START DATA FOR THIS TASK
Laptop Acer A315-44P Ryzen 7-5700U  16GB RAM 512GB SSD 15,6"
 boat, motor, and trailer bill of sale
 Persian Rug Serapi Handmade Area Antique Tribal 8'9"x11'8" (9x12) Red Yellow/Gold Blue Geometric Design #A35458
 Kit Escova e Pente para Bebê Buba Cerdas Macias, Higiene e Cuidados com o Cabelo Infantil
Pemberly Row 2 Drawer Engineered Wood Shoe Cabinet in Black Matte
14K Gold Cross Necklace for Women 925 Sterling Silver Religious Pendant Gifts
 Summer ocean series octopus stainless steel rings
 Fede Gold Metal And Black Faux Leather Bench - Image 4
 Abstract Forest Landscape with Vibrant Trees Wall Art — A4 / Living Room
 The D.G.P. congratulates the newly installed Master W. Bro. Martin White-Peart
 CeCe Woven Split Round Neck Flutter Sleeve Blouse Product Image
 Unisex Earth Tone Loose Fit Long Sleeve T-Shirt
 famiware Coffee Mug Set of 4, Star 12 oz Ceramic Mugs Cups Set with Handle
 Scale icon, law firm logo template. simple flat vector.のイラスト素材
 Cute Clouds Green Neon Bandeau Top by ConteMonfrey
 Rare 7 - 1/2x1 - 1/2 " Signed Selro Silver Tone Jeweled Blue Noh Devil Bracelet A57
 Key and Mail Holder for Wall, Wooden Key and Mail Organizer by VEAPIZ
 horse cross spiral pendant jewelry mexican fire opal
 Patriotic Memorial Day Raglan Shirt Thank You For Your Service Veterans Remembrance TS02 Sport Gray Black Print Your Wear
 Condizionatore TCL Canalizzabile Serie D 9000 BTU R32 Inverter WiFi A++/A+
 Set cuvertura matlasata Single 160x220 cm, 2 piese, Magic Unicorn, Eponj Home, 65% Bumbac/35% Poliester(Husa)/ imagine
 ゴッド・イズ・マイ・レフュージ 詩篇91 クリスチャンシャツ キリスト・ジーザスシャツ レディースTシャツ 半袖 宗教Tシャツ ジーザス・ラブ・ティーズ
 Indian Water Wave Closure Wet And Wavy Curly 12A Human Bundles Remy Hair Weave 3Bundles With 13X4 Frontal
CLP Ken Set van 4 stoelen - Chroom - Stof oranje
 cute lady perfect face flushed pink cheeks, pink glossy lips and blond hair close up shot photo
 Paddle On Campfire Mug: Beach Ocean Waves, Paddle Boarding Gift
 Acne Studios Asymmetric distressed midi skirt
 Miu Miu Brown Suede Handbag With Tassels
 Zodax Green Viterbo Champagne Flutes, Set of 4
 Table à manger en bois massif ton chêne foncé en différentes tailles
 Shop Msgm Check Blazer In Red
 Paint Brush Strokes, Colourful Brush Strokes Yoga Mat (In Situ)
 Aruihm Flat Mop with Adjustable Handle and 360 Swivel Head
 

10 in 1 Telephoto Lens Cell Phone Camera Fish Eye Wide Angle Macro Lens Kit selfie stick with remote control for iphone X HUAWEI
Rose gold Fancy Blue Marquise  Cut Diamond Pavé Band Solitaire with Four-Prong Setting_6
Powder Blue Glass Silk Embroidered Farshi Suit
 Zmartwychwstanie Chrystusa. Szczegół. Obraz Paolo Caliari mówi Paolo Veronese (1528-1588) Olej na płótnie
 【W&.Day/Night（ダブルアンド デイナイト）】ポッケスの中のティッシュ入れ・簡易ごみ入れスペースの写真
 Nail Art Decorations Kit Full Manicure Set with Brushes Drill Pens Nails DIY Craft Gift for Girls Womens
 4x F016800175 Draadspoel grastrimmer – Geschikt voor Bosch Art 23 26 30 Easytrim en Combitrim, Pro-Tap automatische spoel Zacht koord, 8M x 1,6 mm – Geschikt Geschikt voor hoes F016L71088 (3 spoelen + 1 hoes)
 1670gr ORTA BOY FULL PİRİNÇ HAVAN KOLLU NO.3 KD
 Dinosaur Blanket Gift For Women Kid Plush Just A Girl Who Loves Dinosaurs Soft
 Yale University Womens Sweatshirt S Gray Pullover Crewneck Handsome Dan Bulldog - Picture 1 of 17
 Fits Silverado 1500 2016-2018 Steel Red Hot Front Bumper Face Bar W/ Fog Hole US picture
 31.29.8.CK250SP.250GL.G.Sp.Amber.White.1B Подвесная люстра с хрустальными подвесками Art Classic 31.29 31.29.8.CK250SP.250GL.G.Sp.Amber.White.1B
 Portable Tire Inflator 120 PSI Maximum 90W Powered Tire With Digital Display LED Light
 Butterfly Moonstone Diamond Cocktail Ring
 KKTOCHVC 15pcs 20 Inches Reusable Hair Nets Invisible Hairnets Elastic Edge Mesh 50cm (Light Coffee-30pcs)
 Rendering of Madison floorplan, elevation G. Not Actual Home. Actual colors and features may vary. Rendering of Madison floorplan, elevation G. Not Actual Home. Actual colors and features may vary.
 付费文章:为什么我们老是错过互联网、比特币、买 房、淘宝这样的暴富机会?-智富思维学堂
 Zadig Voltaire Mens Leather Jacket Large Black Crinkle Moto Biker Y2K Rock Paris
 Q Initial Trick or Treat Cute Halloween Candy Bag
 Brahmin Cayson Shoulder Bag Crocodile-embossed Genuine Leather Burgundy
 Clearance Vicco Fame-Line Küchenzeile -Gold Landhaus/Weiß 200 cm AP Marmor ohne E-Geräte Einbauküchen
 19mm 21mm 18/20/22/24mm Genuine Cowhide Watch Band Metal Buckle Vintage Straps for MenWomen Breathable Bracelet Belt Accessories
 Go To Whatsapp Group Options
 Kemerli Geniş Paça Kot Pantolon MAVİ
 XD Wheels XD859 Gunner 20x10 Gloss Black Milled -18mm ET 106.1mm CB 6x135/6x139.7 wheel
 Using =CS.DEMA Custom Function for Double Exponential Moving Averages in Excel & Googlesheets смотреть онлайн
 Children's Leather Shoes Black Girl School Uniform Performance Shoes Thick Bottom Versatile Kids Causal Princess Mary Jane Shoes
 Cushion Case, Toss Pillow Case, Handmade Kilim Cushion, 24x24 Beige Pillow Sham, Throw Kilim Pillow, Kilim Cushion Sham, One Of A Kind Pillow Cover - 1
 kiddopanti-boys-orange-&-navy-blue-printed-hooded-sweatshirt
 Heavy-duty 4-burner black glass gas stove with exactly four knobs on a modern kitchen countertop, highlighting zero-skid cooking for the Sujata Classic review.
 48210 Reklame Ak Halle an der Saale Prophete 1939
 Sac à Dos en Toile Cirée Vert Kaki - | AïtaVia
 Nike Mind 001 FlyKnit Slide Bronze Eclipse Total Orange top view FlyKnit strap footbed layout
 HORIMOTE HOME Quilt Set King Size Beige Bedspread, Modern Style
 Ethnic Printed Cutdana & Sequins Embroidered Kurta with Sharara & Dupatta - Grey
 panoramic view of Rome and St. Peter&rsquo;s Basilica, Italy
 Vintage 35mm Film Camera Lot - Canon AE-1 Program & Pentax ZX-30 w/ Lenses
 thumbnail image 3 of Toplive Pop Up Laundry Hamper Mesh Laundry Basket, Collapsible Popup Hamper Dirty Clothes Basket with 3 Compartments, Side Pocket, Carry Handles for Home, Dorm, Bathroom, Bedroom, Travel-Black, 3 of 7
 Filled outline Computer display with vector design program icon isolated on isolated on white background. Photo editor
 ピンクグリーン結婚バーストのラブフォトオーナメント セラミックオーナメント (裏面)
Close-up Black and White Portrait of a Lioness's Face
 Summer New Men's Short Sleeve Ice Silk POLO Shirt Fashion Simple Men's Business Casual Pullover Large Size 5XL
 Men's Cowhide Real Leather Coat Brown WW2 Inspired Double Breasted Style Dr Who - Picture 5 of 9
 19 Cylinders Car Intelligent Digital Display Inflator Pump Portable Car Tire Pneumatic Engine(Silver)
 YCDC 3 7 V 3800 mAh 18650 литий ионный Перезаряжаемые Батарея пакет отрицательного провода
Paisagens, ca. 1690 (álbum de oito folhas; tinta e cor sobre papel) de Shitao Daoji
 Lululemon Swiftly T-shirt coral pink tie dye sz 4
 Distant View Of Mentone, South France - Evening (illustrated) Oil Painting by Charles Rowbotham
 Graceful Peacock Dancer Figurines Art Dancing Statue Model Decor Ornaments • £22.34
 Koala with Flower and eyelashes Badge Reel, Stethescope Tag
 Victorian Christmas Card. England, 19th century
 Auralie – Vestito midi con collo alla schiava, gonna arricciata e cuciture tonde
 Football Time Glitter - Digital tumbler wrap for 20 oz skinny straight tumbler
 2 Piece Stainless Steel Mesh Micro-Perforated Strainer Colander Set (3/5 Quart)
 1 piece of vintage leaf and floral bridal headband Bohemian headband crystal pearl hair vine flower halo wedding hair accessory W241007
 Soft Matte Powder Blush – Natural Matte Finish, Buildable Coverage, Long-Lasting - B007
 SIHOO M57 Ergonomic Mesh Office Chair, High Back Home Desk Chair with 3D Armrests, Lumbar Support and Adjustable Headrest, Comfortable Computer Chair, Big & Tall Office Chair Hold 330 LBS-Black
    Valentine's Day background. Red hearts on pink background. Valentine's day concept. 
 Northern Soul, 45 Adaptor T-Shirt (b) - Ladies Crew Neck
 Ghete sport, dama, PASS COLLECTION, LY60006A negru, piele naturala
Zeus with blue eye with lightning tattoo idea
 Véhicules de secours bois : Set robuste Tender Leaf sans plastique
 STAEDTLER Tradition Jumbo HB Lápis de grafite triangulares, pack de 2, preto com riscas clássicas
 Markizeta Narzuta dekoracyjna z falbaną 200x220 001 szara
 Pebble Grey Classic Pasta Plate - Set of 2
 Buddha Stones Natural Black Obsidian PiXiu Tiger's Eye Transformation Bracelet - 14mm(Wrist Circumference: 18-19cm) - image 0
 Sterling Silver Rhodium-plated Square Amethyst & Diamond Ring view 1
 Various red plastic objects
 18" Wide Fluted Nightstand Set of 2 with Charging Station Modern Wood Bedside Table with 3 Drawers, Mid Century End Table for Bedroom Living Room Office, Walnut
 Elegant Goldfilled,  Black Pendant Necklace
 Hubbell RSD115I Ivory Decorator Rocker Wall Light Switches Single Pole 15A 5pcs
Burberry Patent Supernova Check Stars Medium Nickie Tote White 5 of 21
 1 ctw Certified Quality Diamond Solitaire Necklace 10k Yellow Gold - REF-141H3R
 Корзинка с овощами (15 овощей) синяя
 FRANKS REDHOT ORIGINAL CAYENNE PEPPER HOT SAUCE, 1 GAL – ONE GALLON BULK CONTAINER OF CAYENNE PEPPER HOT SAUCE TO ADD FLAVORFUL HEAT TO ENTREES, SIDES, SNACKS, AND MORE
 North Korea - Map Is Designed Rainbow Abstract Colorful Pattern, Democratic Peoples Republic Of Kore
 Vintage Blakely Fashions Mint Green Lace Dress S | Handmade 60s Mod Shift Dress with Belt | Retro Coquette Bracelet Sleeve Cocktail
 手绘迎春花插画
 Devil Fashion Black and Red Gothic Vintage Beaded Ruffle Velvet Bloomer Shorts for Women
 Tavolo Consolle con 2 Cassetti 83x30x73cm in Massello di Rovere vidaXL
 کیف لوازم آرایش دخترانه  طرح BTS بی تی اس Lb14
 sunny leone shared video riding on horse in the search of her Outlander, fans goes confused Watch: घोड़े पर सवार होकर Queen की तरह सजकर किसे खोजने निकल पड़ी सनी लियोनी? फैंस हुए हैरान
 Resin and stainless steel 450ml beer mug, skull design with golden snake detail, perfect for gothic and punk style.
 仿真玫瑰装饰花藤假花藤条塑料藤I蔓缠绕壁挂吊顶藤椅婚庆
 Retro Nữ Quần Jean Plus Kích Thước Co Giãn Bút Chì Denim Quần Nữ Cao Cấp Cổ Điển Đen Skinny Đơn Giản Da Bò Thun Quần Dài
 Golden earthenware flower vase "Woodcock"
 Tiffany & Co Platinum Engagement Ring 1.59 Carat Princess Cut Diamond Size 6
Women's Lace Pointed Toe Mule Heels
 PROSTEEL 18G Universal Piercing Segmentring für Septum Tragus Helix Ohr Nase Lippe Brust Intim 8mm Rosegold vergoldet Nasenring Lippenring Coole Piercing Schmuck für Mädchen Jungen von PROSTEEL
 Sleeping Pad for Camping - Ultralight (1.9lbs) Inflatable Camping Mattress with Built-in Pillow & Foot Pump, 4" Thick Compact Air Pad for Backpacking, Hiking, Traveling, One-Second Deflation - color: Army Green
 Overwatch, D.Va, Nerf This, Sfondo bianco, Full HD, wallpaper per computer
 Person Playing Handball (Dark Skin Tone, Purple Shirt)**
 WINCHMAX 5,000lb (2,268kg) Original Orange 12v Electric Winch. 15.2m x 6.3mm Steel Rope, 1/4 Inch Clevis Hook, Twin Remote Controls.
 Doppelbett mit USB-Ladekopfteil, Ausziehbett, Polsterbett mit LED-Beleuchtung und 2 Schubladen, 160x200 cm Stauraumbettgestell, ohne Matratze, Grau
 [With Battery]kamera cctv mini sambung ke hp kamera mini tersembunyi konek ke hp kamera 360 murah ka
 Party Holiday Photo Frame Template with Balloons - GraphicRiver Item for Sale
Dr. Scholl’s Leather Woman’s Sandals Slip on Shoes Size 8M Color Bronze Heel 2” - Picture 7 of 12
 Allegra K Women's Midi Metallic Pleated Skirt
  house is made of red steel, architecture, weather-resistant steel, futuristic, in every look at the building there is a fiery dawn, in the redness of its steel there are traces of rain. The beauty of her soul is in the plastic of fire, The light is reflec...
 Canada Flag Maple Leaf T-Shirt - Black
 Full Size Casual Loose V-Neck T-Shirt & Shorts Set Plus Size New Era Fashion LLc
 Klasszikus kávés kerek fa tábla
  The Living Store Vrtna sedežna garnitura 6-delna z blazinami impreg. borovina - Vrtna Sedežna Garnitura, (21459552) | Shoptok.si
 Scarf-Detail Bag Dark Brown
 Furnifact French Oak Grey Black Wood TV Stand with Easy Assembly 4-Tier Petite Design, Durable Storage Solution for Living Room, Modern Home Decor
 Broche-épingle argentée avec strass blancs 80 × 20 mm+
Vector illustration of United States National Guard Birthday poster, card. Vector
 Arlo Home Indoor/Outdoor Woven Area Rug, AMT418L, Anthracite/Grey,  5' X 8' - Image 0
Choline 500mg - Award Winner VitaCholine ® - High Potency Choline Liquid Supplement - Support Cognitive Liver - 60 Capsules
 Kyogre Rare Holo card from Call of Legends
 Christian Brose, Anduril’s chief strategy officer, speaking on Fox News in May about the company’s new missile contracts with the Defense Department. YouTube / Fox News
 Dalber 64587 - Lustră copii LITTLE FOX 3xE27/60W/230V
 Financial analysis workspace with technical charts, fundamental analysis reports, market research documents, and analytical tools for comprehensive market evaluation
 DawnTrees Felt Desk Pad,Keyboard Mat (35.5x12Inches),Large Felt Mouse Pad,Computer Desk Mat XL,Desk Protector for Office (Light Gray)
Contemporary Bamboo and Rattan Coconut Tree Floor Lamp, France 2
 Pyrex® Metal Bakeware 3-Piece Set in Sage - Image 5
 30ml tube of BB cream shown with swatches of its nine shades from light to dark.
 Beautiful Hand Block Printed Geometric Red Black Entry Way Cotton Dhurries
END DATA FOR THIS TASK
Identify each line in the records above containing the word "Silk"; copy those lines.

Powder Blue Glass Silk Embroidered Farshi Suit
 Summer New Men's Short Sleeve Ice Silk POLO Shirt Fashion Simple Men's Business Casual Pullover Large Size 5XL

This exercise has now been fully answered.